-- Opening Marker --
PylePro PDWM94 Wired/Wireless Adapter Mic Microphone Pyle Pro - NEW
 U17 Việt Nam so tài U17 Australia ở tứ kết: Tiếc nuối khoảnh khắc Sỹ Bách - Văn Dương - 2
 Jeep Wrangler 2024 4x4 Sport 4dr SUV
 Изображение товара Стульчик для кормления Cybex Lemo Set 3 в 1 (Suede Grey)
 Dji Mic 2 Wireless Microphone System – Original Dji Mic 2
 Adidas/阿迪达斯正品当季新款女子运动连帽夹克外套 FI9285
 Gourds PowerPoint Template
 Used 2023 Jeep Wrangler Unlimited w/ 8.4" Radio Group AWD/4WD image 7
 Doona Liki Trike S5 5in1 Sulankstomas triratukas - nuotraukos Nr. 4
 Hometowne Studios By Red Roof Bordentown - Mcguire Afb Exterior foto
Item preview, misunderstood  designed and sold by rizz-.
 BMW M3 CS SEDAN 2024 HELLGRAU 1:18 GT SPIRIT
-- Closing Marker --
### The task
The answer consists of every line above in which the word "Wireless" occurs.

### Solution to the problem
PylePro PDWM94 Wired/Wireless Adapter Mic Microphone Pyle Pro - NEW
 Dji Mic 2 Wireless Microphone System – Original Dji Mic 2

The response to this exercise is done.